::: Study material :::

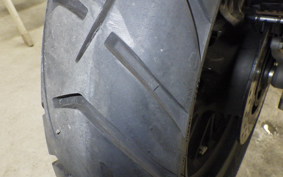 HONDA GB350S 2024 NC59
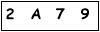 salt-61ECD483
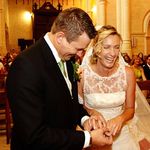 Paul Binks - Instagram Profile Picture of Paul Binks (@paulcbinks) on Instagram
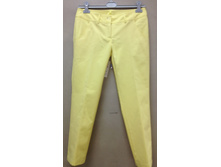 A4043 2.JPG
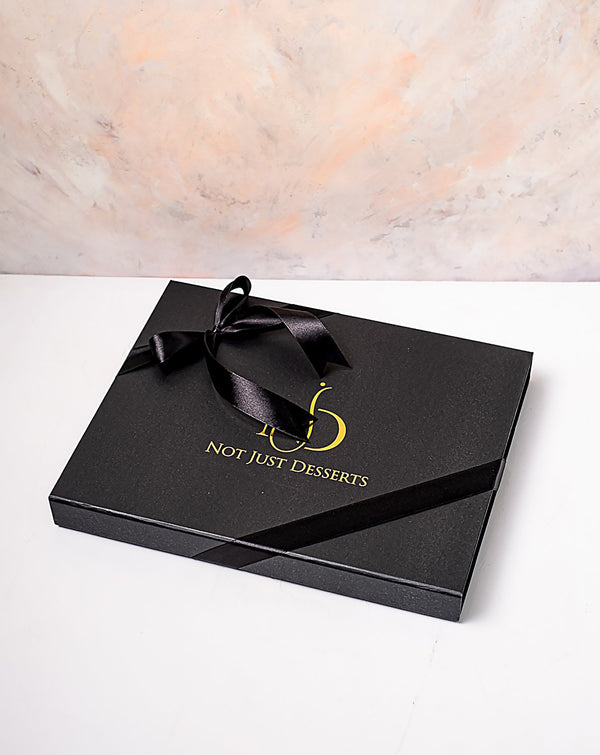 EID Gift Box by NJD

:::

- [Exercise] Exactly restate the lines from the one holding "salt-61ECD483" to the final line of the records above, including both and excluding pictures.

- [Answer for the task]
 salt-61ECD483
 Paul Binks - Instagram Profile Picture of Paul Binks (@paulcbinks) on Instagram
 A4043 2.JPG
 EID Gift Box by NJD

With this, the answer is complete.